With gradual consumption of fuel energy and the growing environmental problems, is the need to develop renewable energies and corresponding energy storage and conversion devices is urgent (Zhong et al., 2012; Liu et al., 2018a; Zhang Q. et al., 2018). Lithium ion battery (Li et al., 2015; Liu et al., 2016; Zhong et al., 2017; Wang J. et al., 2018), sodium-ion battery (Chen J. et al., 2018; Yan et al., 2018), Lithium-Sulfur battery (Tan et al., 2018; Wu F. et al., 2018), and supercapacitor (Gilshteyn et al., 2017; Saha et al., 2018) are representative electrochemical energy storage devices. A supercapacitor (SC) is one of the most promising energy storage devices due to their desirable characteristics, such as high power-density, super-long cycle life and high safety performance, and it plays an important role in both automobile and electronic industry (Simon et al., 2014; Eftekhari et al., 2017; Zhang L. et al., 2018). Classified by different energy storage mechanisms, electrical double layer capacitors (EDLCs), and pseudocapacitors (PCs) show differentiated advantages in the specific field. Although EDLCs deliver fast electron transfer, their bottleneck lies in the low specific capacitance problem. On the contrary, PCs deliver satisfying specific capacitance, but poor charge transfer ability limits their application. Neither of them can be used to build a capacitor that possesses both high energy density and power density. Developing a hybrid capacitor combining with the advantages of EDLCs and PCs is an effective strategy to remedy the deficiency.

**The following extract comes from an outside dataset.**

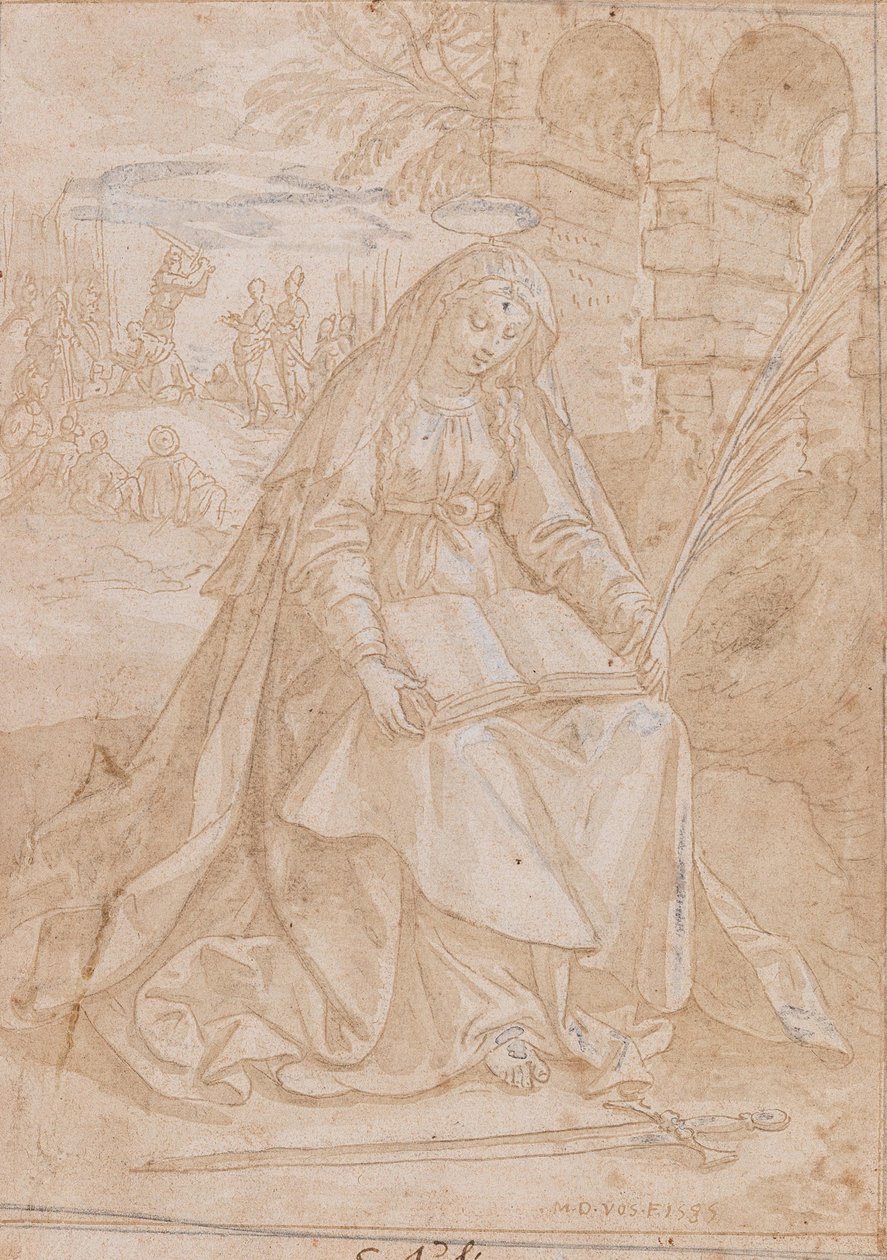 Saint Justine, 1584. af Maerten Vos de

To fulfill the above design, developing advanced materials with both high capacitance and rate capability are the key factors. Normally, the composite formed with proper composition of two materials results in complementary advantages. As known to all, reduced graphene oxide (rGO) is one of the most promising electrode materials for EDLCs due to its large specific surface area, exceptionally high electronic conductivity and high theoretical specific capacitance (Booth et al., 2008; Lee et al., 2008; Ke and Wang, 2016). When rGO is introduced into the composite properly, it enhances not only the electronic conductivity of composite, but also the structural stability of the electrode (Ke and Wang, 2016; Deng et al., 2017). Therefore, taking reduced graphene oxide as a framework is an effective way to reinforce the mechanical strengths of the composites. Nickel-cobalt sulfide is one of the most promising one among various pseudocapacitor electrode materials, such as metal oxides, metal sulfides, and conductive polymers (Jinlong et al., 2017; Wen et al., 2017; Zhao et al., 2017; Liang et al., 2018). Although, there is some doubt about the definition of pseudocapacitance (Brousse, 2015; Jiang and Liu, 2019), many studies reported that transition metal sulfides were classified as one kind of pseudocapacitive materials (Xiong et al., 2015; Wang et al., 2019). However, some studies classify transition metal sulfides as battery-type electrode materials (Mohamed et al., 2018; Ma et al., 2019). Putting this controversial issue aside, it has been proven that nickel-cobalt sulfides (Ni_xCo_yS₄) exhibit high electronic conductivity and flexibility due to the lower optical band gap of Ni–Co and electronegativity of sulfur (Chen et al., 2013; Zhu et al., 2015). Great efforts have been devoted to the fabrication of composites, such as NiCo₂S₄/rGO (Annamalai et al., 2017; Nan et al., 2018; Sarkar et al., 2018; Wang Y. et al., 2018), CoNi₂S₄/rGO (Gao et al., 2018), NiS/rGO (Qu et al., 2018), C-NiCo₂S₄ (Yuan et al., 2017; Mohamed et al., 2018), CNTs-NiCo₂S₄ (Li D. et al., 2016), and so on. However, the influence of Ni/Co ratio of nickel-cobalt sulfide materials on the characteristics and the pseudocapacitance performances are not systematically studied.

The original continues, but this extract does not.